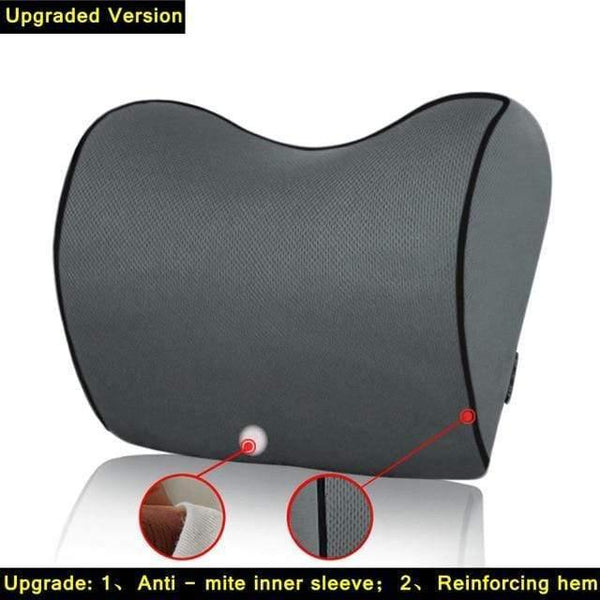 Planet Gates C2-Dark Grey 1PCS Car Headrest Neck Pillow for seat chair in auto Memory Foam cotton mesh cushion Fabric Cover soft Head rest travel support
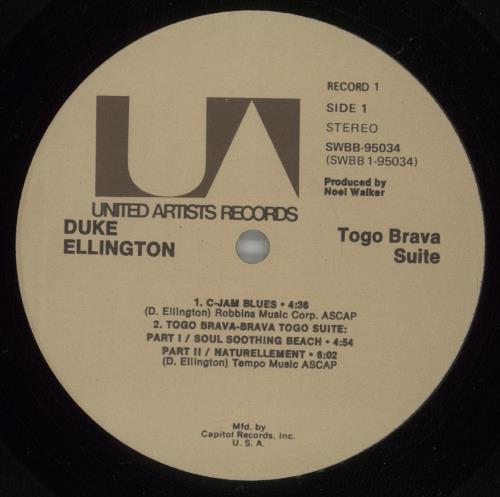 Duke Ellington Togo Brava Suite 2-LP vinyl record set (Double LP Album) US DA32LTO443608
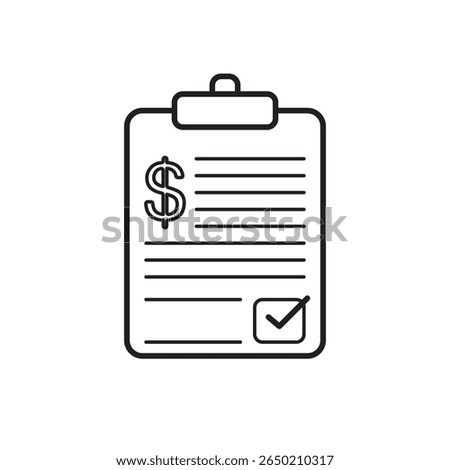 Outline icon of a financial checklist on a clipboard with a dollar symbol and checkmark, ideal for budget planning, accounting, taxes, or expense tracking visuals.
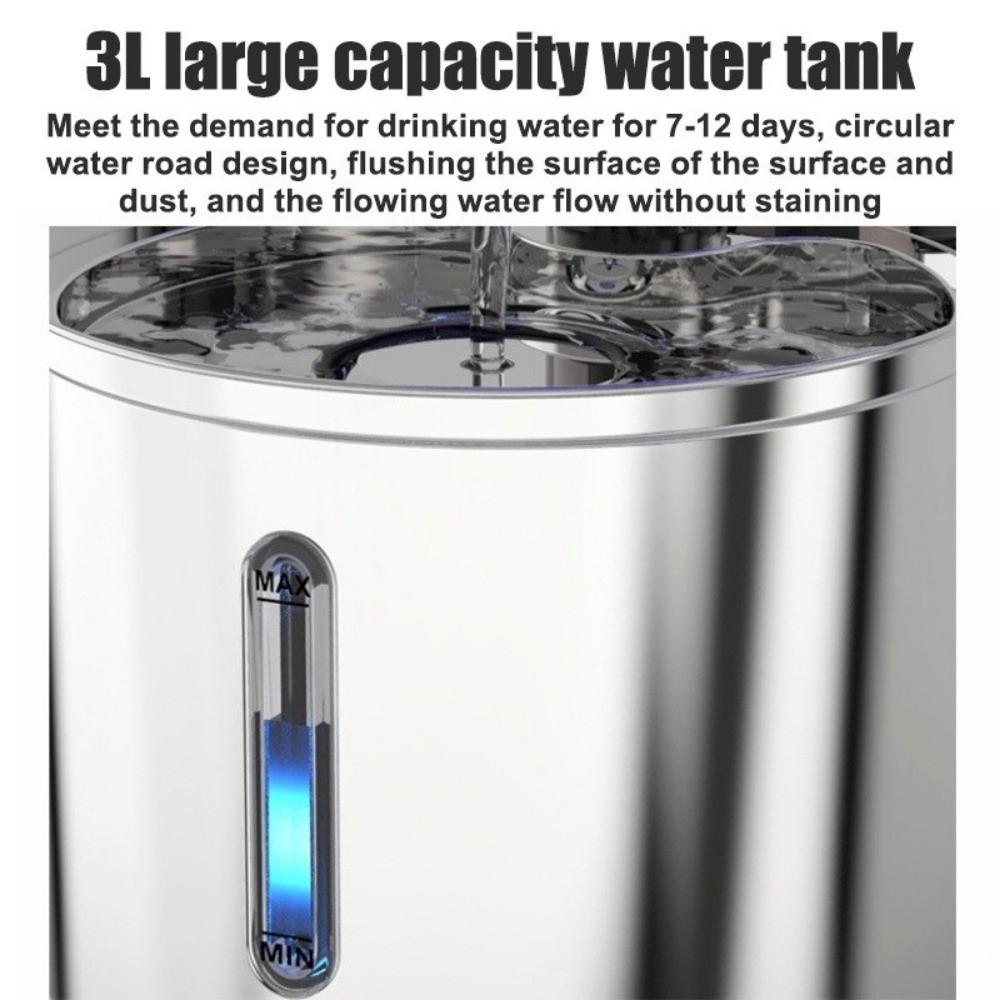 Neue 3L Haustier-Wasserfontäne Große Kapazität Automatischer Wasserspender Effiziente Filtration Edelstahl-Katzenfutterspender Für Hund Katze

• Problem to work on
Please return only the lines from the top of the data through the line with "Duke Ellington Togo", exactly as written, and drop every picture.

• Task output
 Planet Gates C2-Dark Grey 1PCS Car Headrest Neck Pillow for seat chair in auto Memory Foam cotton mesh cushion Fabric Cover soft Head rest travel support
 Duke Ellington Togo Brava Suite 2-LP vinyl record set (Double LP Album) US DA32LTO443608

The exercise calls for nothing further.